Listed records Block Start

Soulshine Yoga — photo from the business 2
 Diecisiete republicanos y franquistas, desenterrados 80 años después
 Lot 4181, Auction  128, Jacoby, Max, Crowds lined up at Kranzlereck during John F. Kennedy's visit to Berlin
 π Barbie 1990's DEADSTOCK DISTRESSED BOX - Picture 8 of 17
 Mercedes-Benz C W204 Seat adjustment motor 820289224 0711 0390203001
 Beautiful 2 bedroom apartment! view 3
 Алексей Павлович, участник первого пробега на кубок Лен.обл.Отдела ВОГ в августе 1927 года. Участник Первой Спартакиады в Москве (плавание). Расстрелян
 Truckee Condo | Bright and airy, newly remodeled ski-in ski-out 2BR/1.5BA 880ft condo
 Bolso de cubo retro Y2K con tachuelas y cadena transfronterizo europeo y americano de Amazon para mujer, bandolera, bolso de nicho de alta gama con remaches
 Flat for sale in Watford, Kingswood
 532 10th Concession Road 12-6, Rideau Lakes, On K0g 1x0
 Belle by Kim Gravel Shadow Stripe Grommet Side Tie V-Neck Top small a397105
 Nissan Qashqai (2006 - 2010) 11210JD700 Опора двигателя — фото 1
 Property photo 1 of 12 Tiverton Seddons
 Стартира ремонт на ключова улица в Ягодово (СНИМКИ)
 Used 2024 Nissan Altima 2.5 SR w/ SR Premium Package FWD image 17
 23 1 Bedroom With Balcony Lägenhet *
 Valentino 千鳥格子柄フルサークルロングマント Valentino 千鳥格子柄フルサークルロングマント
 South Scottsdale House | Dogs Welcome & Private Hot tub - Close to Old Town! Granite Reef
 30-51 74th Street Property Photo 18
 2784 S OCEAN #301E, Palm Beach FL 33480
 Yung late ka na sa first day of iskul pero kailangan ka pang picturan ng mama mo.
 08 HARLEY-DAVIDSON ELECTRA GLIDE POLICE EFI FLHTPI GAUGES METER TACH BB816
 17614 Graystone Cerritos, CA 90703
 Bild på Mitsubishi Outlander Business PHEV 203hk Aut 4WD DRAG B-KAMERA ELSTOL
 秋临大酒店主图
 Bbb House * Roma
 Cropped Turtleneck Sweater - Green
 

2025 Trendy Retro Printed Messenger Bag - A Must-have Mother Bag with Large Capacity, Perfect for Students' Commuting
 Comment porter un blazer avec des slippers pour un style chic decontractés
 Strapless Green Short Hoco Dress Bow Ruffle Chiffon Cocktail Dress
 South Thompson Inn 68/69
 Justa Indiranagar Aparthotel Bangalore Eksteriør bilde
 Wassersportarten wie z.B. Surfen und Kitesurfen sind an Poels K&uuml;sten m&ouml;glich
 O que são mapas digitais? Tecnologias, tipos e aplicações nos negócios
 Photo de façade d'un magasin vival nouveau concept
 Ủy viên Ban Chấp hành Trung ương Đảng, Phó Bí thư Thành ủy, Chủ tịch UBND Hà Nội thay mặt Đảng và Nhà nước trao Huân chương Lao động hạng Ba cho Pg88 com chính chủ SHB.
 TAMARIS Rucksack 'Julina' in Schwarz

Listed records Block End

What you have to do
Show each line of the material above where "Property" occurs.

Output for this task
 Property photo 1 of 12 Tiverton Seddons
 30-51 74th Street Property Photo 18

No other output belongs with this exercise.